A. Dommage, frais et dépens

12. La requérante réclame globalement 35 000 000 lires italiennes (ITL) au titre de tous les dommages qu'elle aurait subis.

13. La Cour n’aperçoit pas de lien de causalité entre la violation constatée et le dommage matériel allégué et rejette cette demande. En revanche, la Cour considère qu’il y a lieu d'octroyer à la requérante 5 000 000 ITL au titre du préjudice moral.

14. Selon la jurisprudence de la Cour, un requérant ne peut obtenir le remboursement de ses frais et dépens que dans la mesure où se trouvent établis leur réalité, leur nécessité et le caractère raisonnable de leur taux (voir, par exemple, l’arrêt Bottazzi précité, § 30).
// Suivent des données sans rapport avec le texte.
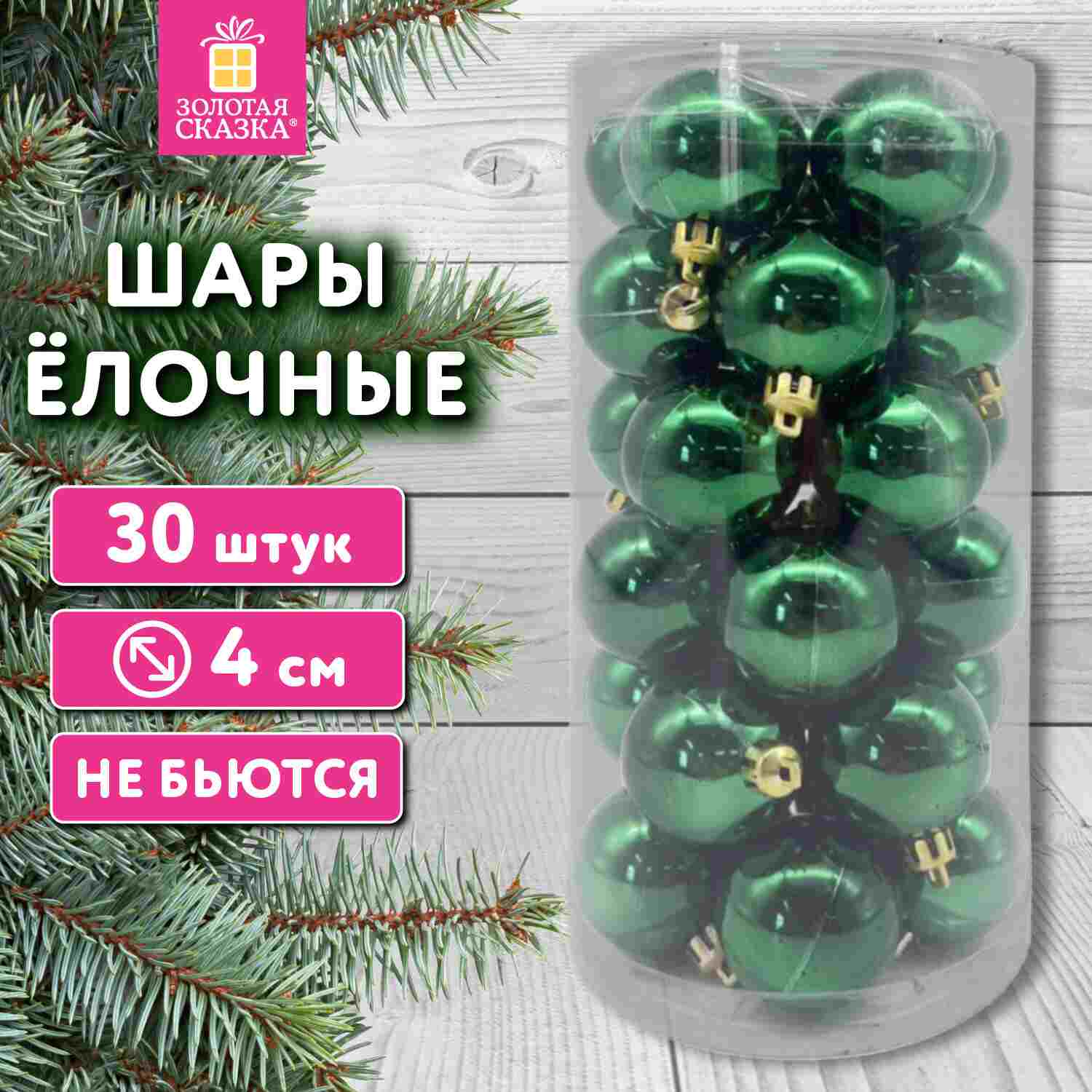 картинка Набор шаров, 30 шт, 4 см, пластик, зеленый, "Solid Color", Золотая сказка, 592500 от магазина Альфанит в Кунгуре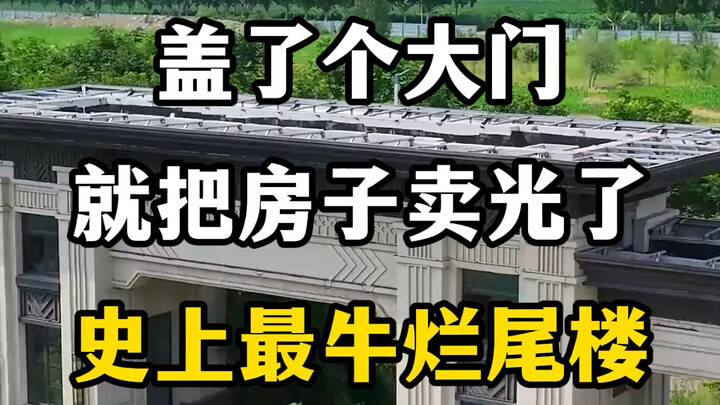 Tòa nhà dang dở “bá đạo” nhất lịch sử: Chỉ xây thêm một cổng lớn là bán sạch toàn bộ căn hộ. #TòaNhà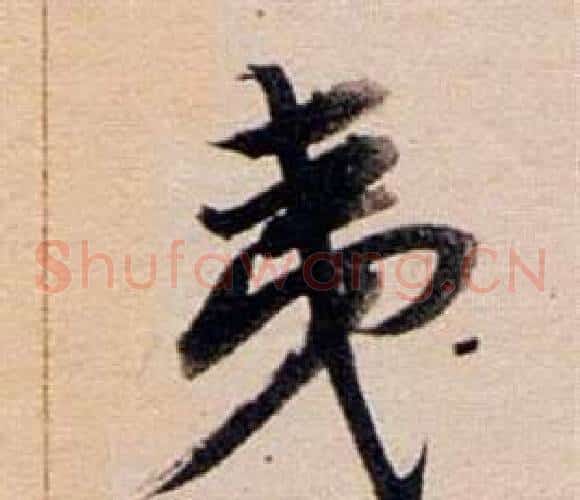 夷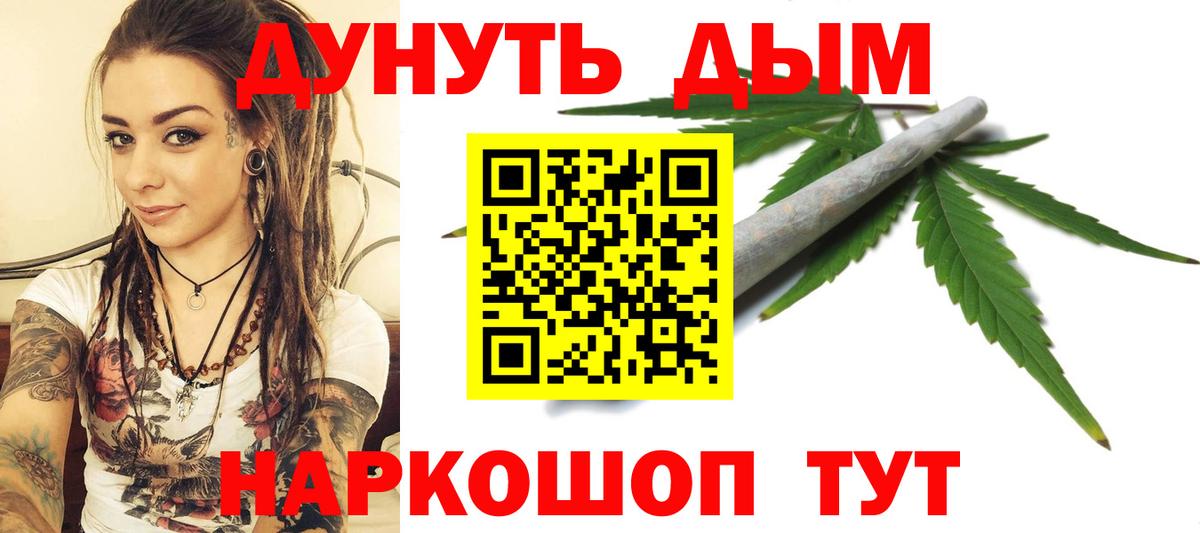 Бошки марихуана план Фрязино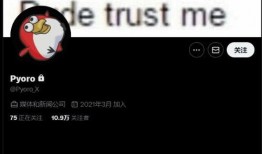 内鬼官方爆料视频大全集,揭秘幕后的真相与内幕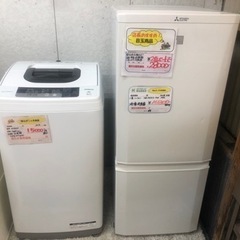 リサイクルサービス八光】一人暮らし用 5.0kg洗濯機・2ドア冷蔵庫 セット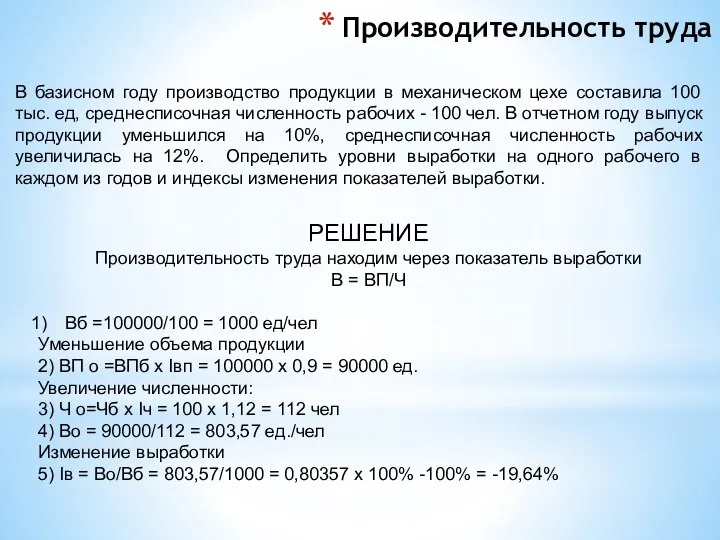 Производительность труда В базисном году производство продукции в механическом цехе составила 100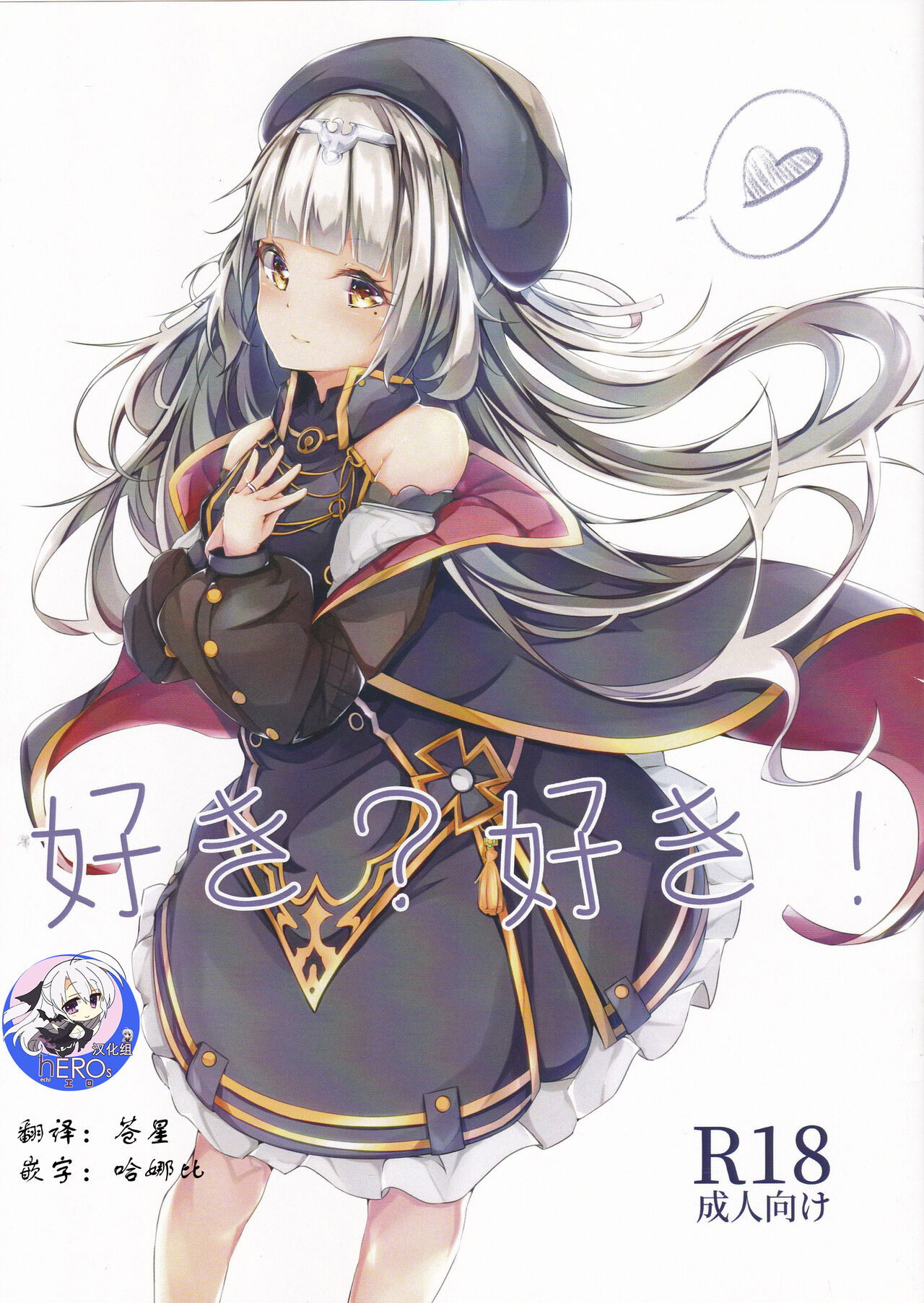 Suki? Suki!好き?好き!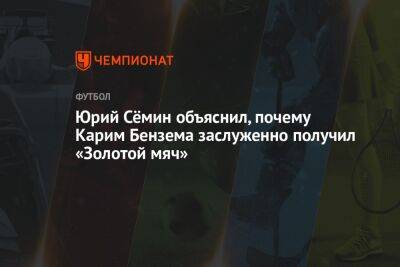 Юрий Семин - Карим Бензема - Юрий Сёмин объяснил, почему Карим Бензема заслуженно получил «Золотой мяч» - championat.com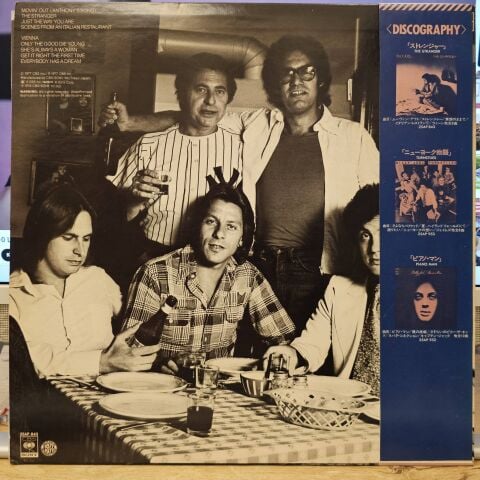 Billy Joel – The Stranger LP PLAK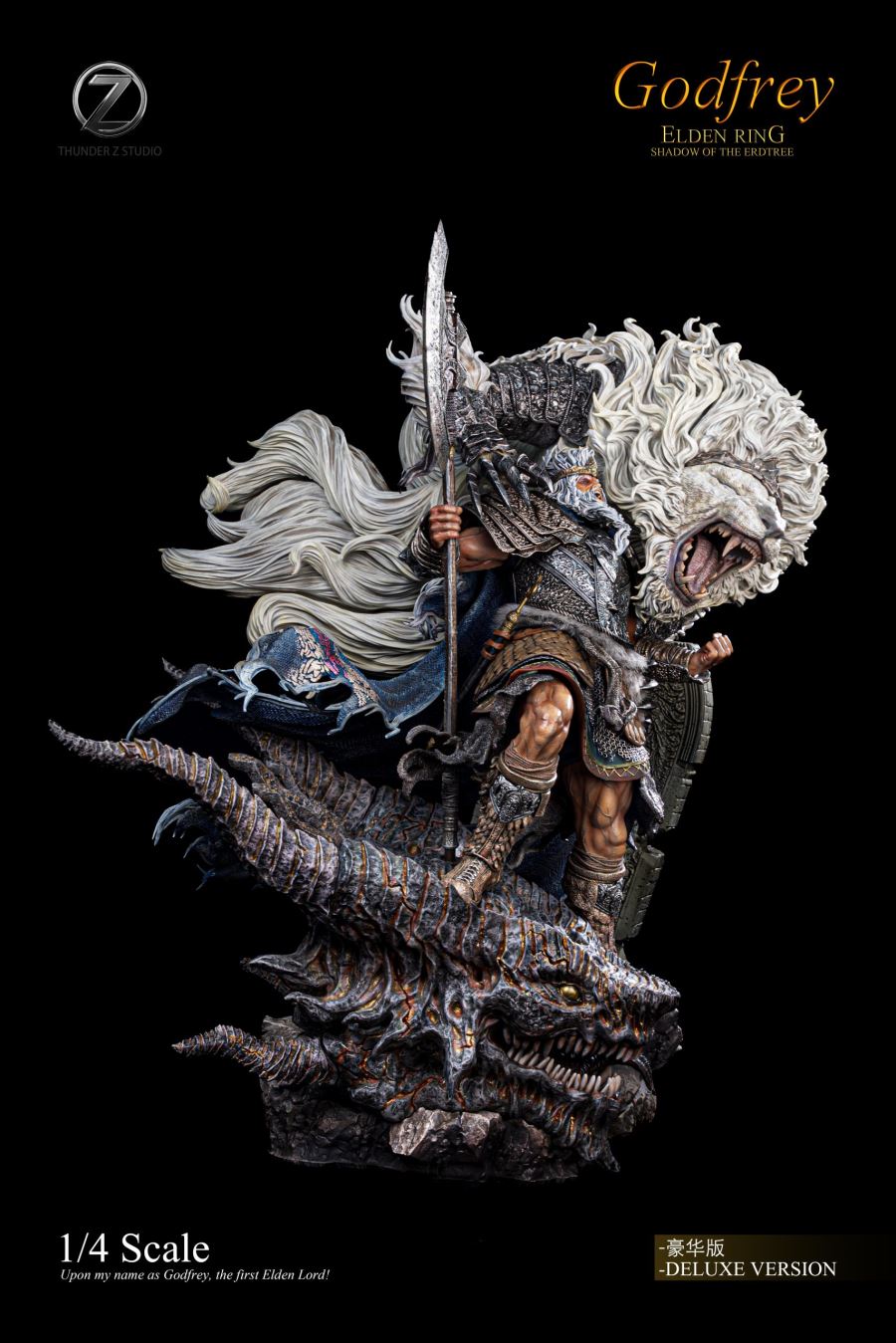 Hoarah Loux - Elden Ring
En l’espèce et compte tenu des éléments en sa possession et des critères susmentionnés, la Cour rejette la demande relative aux frais et dépens de la procédure nationale, et estime raisonnable la somme de 1 000 000 ITL pour la procédure devant la Cour et l’accorde à la requérante.

B. Intérêts moratoires

15. Selon les informations dont dispose la Cour, le taux dintérêt légal applicable en Italie à la date dadoption du présent arrêt était de 2,5 % lan.

Par ces motifs, la Cour, à l’unanimité,

1. Dit qu’il y a eu violation de l’article 6 § 1 de la Convention ;

2. Dit

a) que l’Etat défendeur doit verser à la requérante, dans les trois mois à compter du jour où l’arrêt est devenu définitif conformément à l’article 44 § 2 de la Convention, 5 000 000 (cinq millions) lires italiennes pour dommage moral et 1 000 000 (un million) lires italiennes pour frais et dépens ;

b) que ces montants seront à majorer dun intérêt simple de 2,5 % lan à compter de lexpiration de ce délai et jusquau versement ;

3. Rejette la demande de satisfaction équitable pour le surplus.

Fait en français, puis communiqué par écrit le 16 novembre 2000, en application de l’article 77 §§ 2 et 3 du règlement.